Sabalenka war nach ihrem Sieg glücklich. "Ich habe tolles Tennis gespielt und bin mit der Performance super-happy", freute sie sich Sabalenka noch auf dem Court. Über das Erklimmen des Tennisthrons am Montag wollte sie nicht viel reden. "Es ist wichtig für mich und meine Familie, aber ich habe in New York noch ein paar Dinge zu tun und denke über die Nummer eins erst nach den US Open nach." Sabalenka bedankte sich auch beim Publikum. "Ich werde alles tun, um bis zum Ende zu bleiben, um diese Atmosphäre zu genießen."
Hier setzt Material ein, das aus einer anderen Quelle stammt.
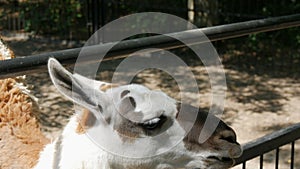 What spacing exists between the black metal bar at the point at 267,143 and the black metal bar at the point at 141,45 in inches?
21.7

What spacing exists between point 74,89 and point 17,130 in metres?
1.23

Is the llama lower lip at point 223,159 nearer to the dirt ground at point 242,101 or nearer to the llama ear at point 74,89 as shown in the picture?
the llama ear at point 74,89

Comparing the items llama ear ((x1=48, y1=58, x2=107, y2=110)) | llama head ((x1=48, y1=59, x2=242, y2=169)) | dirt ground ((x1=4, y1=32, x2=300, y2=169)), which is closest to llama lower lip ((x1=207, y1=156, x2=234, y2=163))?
llama head ((x1=48, y1=59, x2=242, y2=169))

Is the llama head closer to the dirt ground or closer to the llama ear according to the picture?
the llama ear

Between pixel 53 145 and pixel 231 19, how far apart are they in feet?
27.1

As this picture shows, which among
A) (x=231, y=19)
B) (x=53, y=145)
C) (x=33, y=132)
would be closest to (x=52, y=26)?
(x=231, y=19)

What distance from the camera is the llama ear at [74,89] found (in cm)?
194

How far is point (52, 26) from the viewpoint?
11.1 m

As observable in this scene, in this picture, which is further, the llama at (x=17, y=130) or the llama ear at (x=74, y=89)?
the llama at (x=17, y=130)

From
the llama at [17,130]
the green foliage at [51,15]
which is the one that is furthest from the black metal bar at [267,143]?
the green foliage at [51,15]

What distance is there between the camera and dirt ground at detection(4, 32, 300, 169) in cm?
622

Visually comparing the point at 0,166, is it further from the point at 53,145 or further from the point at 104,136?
the point at 104,136

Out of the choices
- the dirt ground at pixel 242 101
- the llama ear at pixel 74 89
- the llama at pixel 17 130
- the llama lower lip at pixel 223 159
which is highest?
the llama ear at pixel 74 89

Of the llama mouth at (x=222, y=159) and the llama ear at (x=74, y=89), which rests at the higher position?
the llama ear at (x=74, y=89)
Sabalenka fehlen nur noch zwei Siege zum zweiten Grand-Slam-Titel nach jenem im vergangenen Jänner in Australien. Danach war sie in Roland Garros und Wimbledon auch erst im Semifinale ausgeschieden. Dank dieser Erfolge und dem frühen Aus der Polin Iga Swiatek übernimmt die 25-jährige Minskerin am Montag erstmals Platz eins in der WTA-Rangliste.

In ihrem insgesamt siebenten Grand-Slam-Semifinale wird Sabalenka zu favorisieren sein. Gegen Keys führt sie im Head-2-Head nur 2:1 (zuletzt 2023 in Wimbledon mit 6:2, 6:4 siegreich).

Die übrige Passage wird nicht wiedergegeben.